Although it was only five o'clock, the day was encircled by a biting darkness. The fog, caused by the rain that fluctuates between drizzle and torrential, blurred every detail with its ragged veils, punctured at various distances by the glow of street lamps and shafts of light escaping from illuminated windows. The road was soaked with rain and glittered under the street-lights. A bitter wind, heavy with icy bits, whipped at her face, its howling forming the high notes of a symphony, and Zelia stared at the damp pages of her book, unseeing and as frozen as ice upon pavement. She missed when a man approached, because she was too wrapped up in the freshness of her loss. Her mom was gone, and all that was left was the space where she'd grown around her, like a tree that grows around a fence, but the tree had been ripped away in a tornado and by some cruel miracle, the fence remained.
"Should you be out in this weather?" A man's voice broke through her rumination, a question posed in lieu of greeting, and she titled her head back to look up at the stranger. Zelia had never seen him and his pressed, dark suit before, but there was something familiar in the curve of his eyes, the bow of his lips, the slope of his jawline. Her head tilted to the side in a gesture that was birdlike, dark eyes assessing. "No one told me I ought not to," she said after a moment in which the silence stretched and twisted into a mosaic of cold and quiet. Zelia watched the mans lips twitch, and in his gaze was the same bright inquisitiveness she'd seen reflected in her own eyes. "What are you reading? The question was polite, but there was an edge to it that left her wondering what would happen if it went unanswered.
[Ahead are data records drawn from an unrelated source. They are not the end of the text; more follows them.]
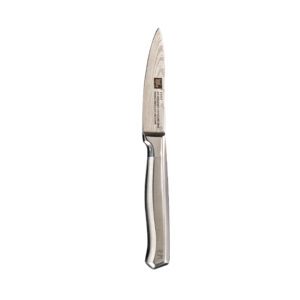 סכין חיתוך 9 ס"מ ONO מבית Food appeal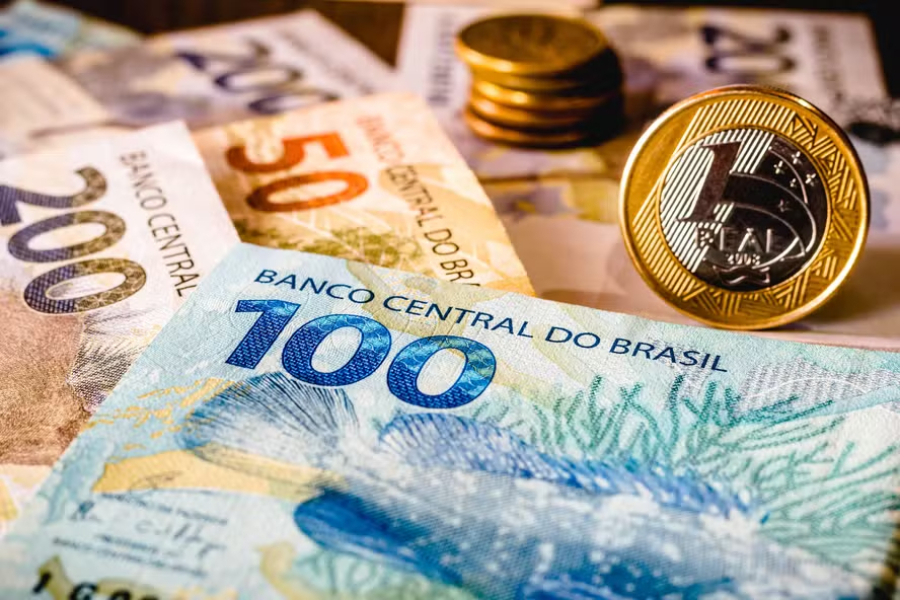 Quanto rende o prêmio da Mega na poupança e em outras opções de renda fixa?
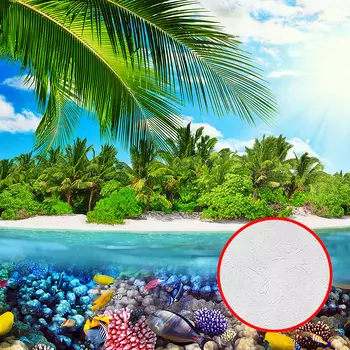 Фотообои Divino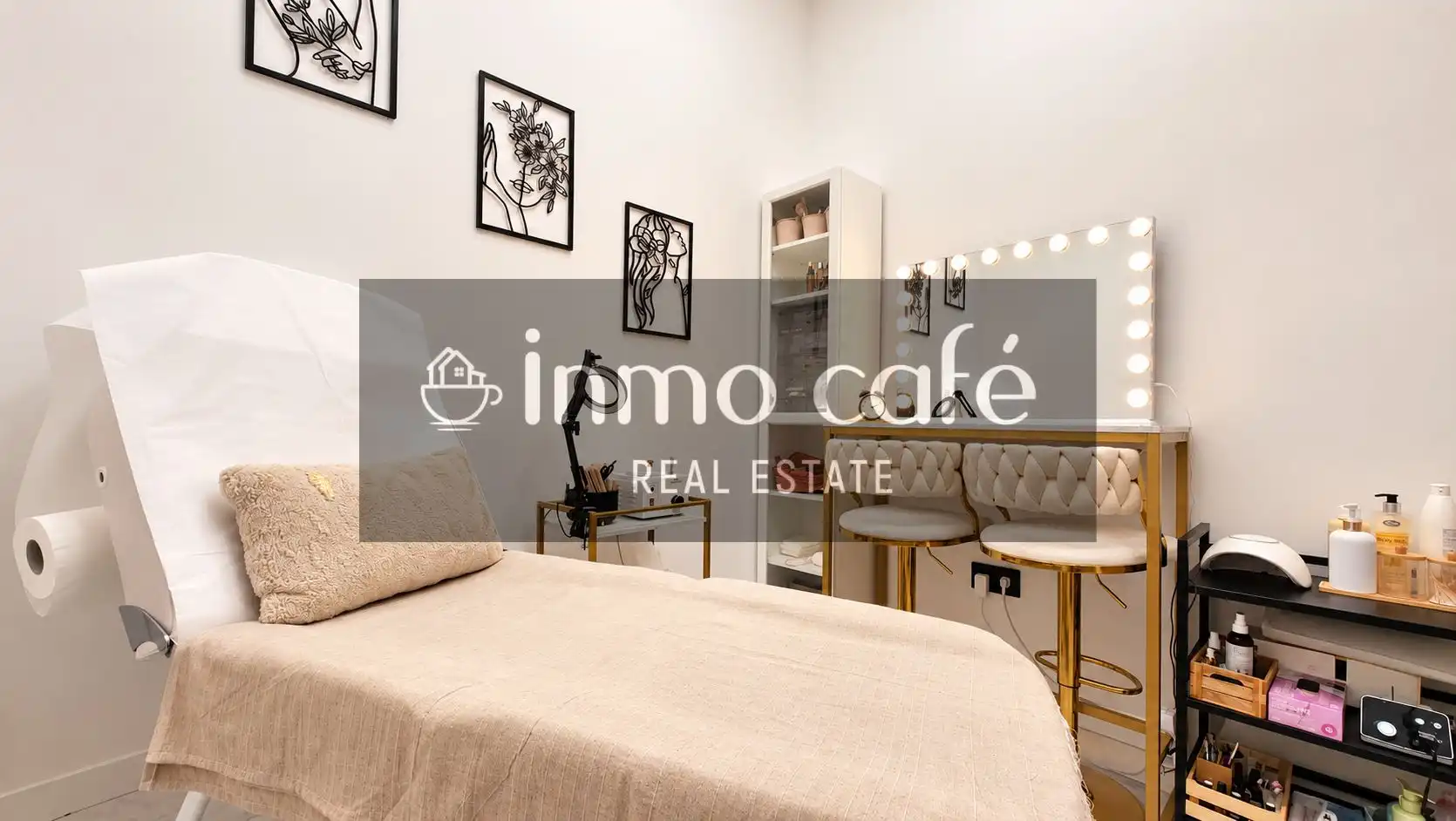Business premises for transfer in CALLE ROSA CHACEL, imagen 14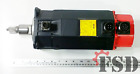 A06b-0163-b175 Fanuc Ac Servo Motor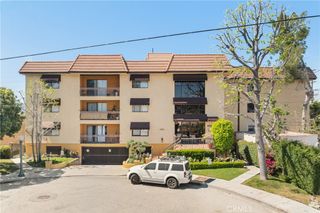 645 Balboa, Glendale, CA 91206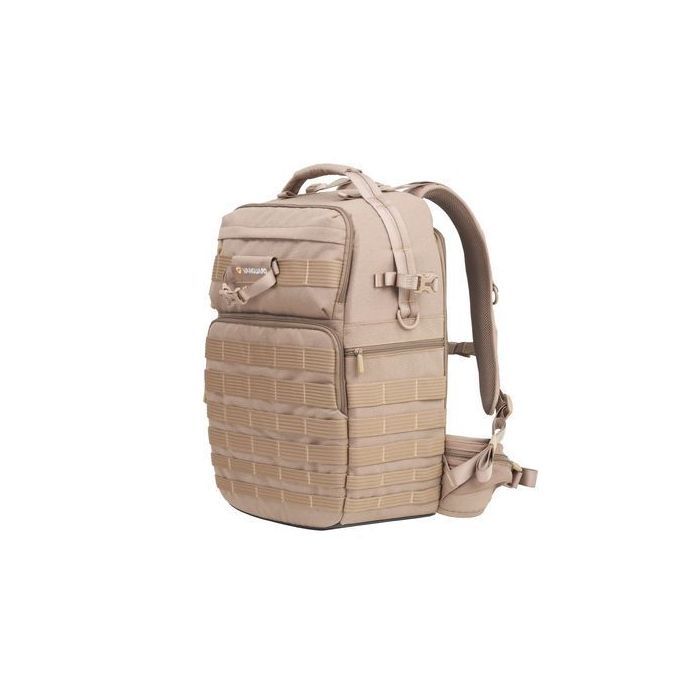 Фото-сумка Vanguard VEO Range T 48 Beige BG (DAS301772)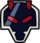 Dark Alucard's badge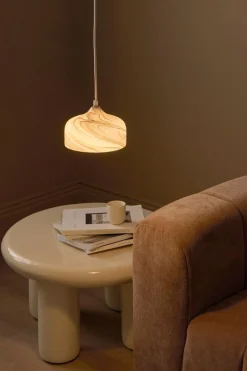 Ellos Home Loftslampe Marbella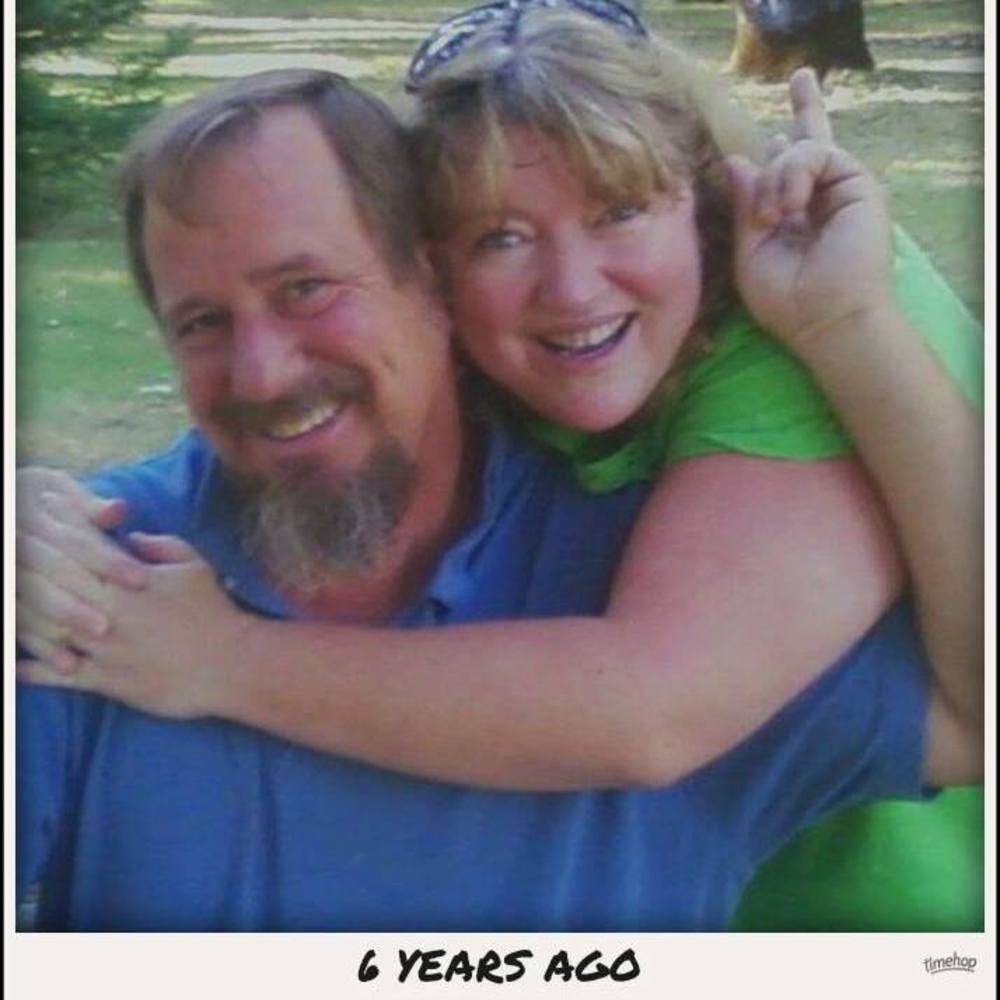 Meet your Posher, Amberlouie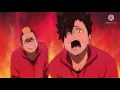 Download Lagu I edited the Haikyuu dub bc it’s ridiculously ridiculous (S4)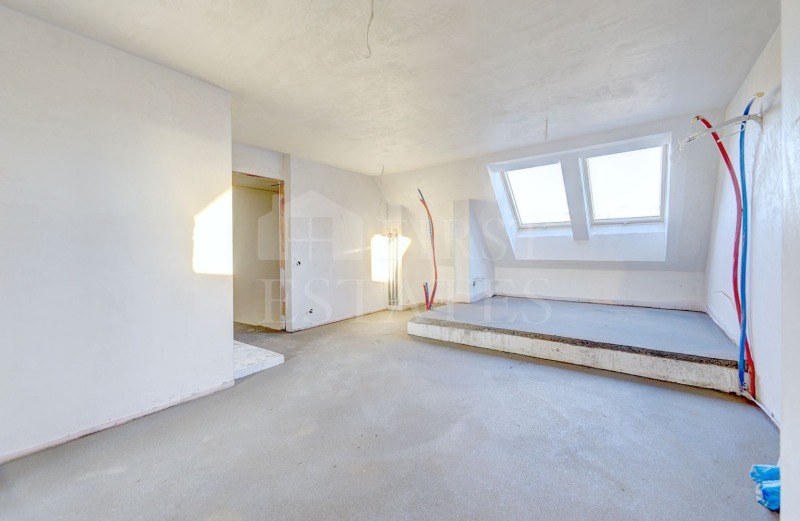 Til salgs  Maisonette Sofia , Tsentar , 183 kvm | 13422919 - bilde [7]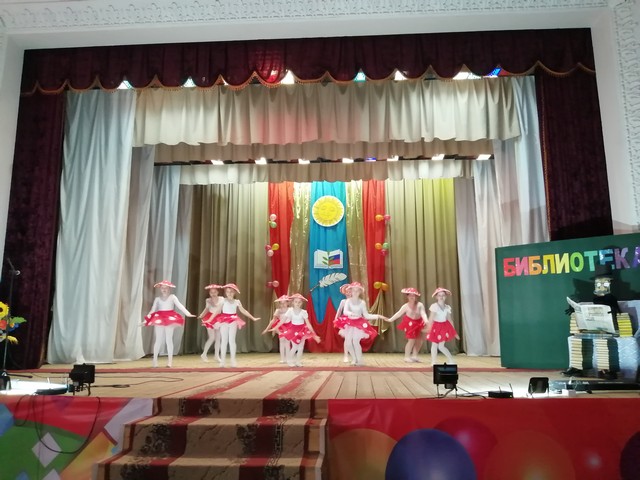 IMG 20230328 112239
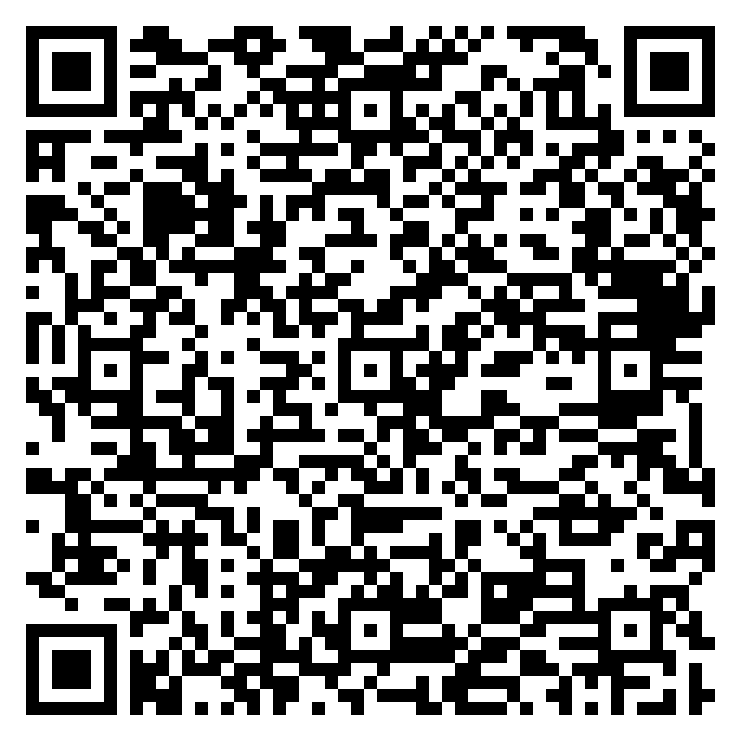 kod QR z danymi kontaktowymi 14649394300000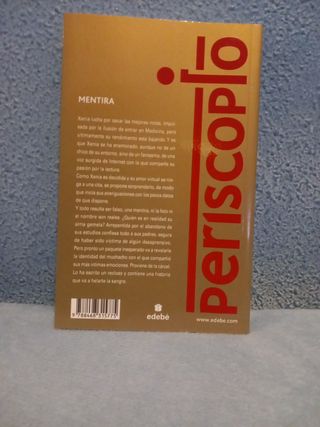 Tecnología y Digitalización 3º ESO - Proyecto STAR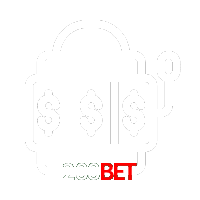  288BET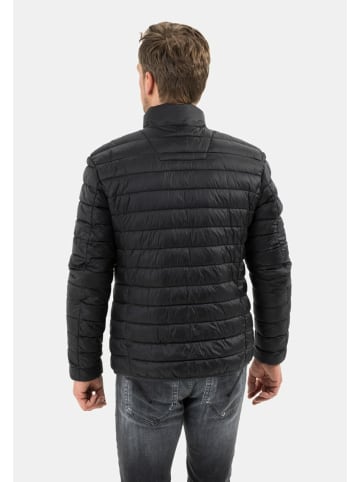 CALAMAR Sakko für Herren in Schwarz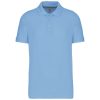 Kariban KA241 MEN'S SHORT SLEEVE PIQUÉ POLO SHIRT L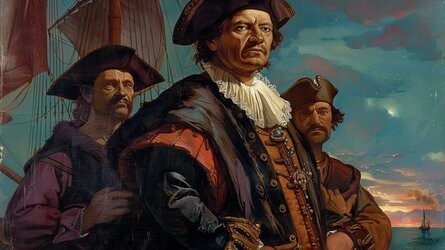 The-Jews-Who-Sailed-with-Christopher-Columbus-1240_x_698.jpg The-Jews-Who-Sailed-with-Christopher-Columbus-1240_x_698.jpg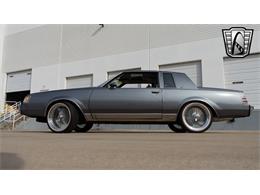 1984 Buick Regal (CC-1940353) for sale in O'Fallon, Illinois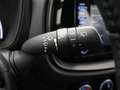 Toyota Aygo X 1.0 VVT-i MT play | Apple CarPlay / Android Auto | Grau - thumbnail 23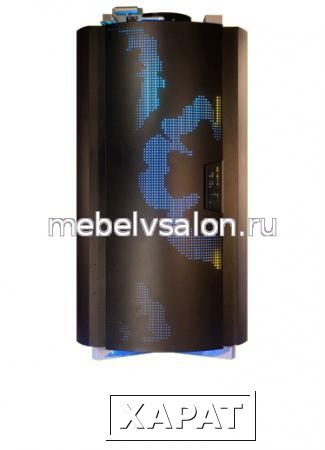 Фото Солярий SunFlower V42 (42 лампы по 200W) все включено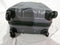 $300 TAG Legacy 20'' Carry On Hard-case Luggage Suitcase Gray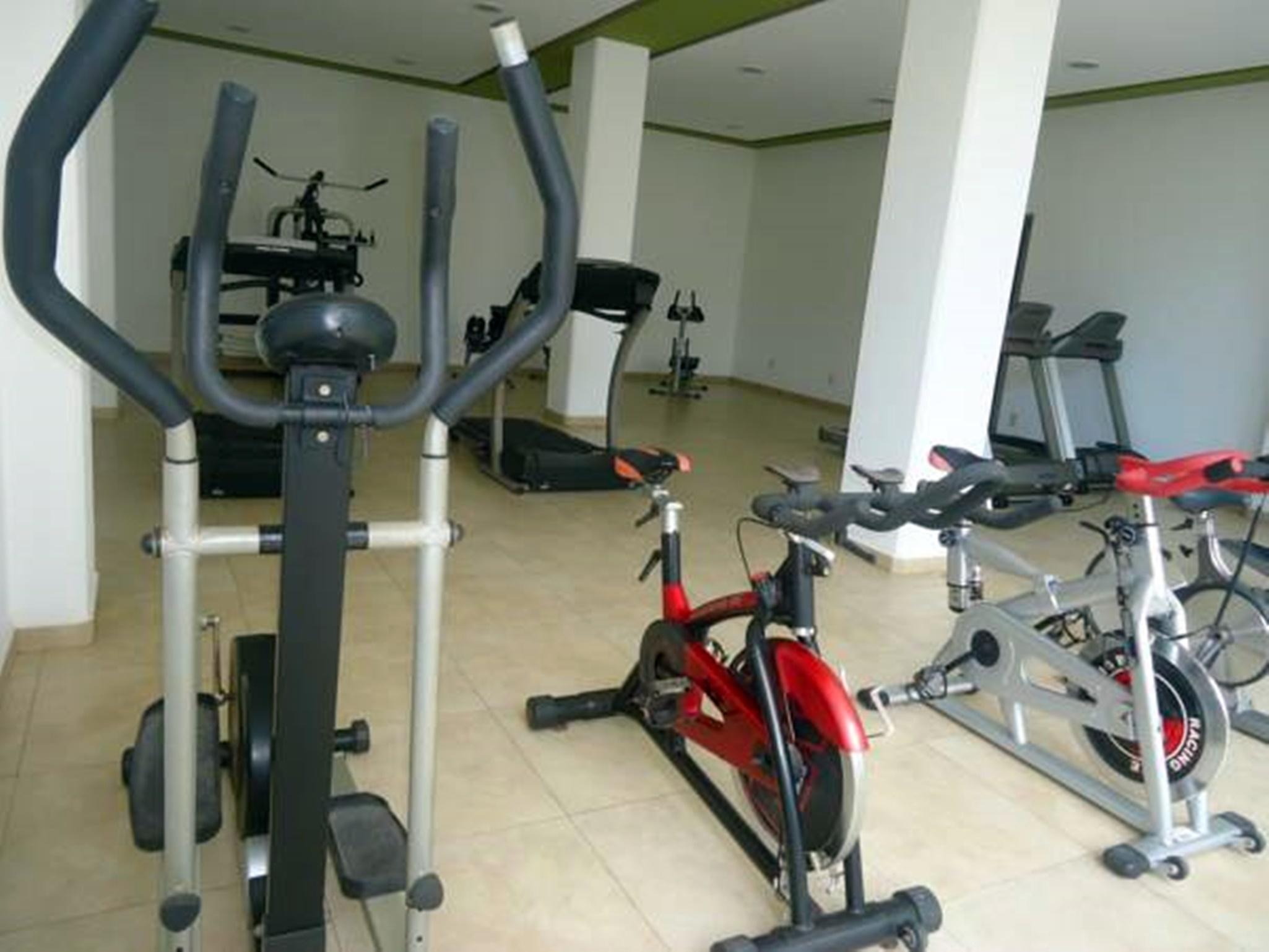 Hotel Caracol Plaza 푸에르토 에스콘디도 외부 사진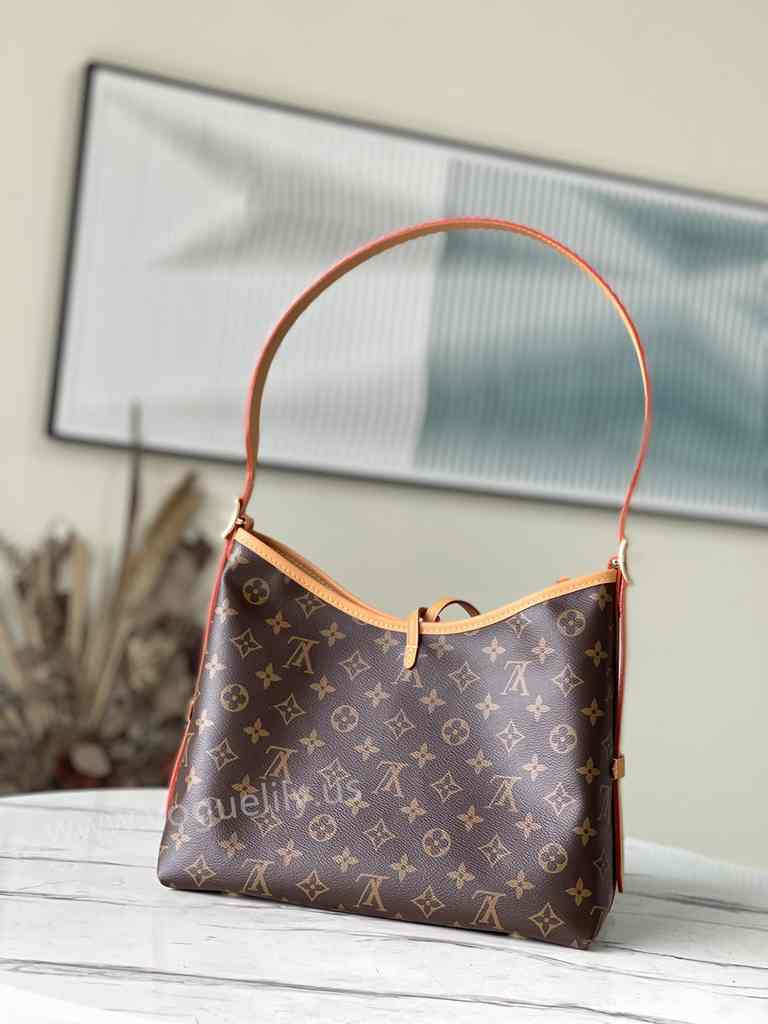 M46203 CarryAll 29 M46203 CarryAll 29
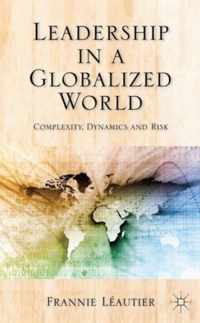 Leadership in a Globalized World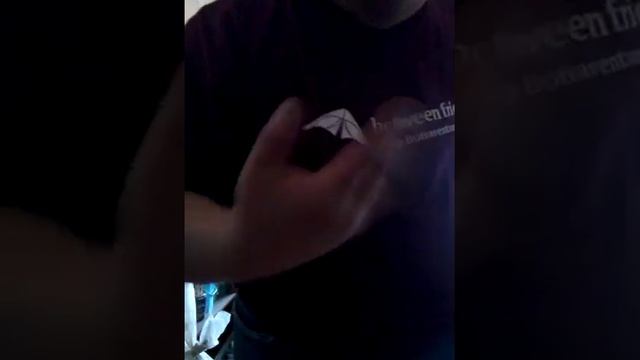 bottle empire spring 2019 3 смотреть онлайн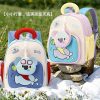 Custom Travel Backpack for Brand and Retail Orders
"Poetry, but I wasn't reading, I was listening to the rain talk." Zee answered faster now, more at ease because he hadn't apologized for her loss or looked at her as if she were a pitiful creature sniveling upon the concrete. "Oh?" Amusement colored the mans voice, but his face was impassive in a way that Zelia did not understand. "What does the rain say?" There wasn't any judgment in the question, just an open curiosity. Other people were often mean about the odd things she gave voice too, so this was...nice. "I'm not sure, I haven't learned the language yet...I was waiting for the thunder." The man's smiled widened by the smallest fraction, nothing more than a twitch of the lips, but he leaned against the wall and gazed up toward the sky.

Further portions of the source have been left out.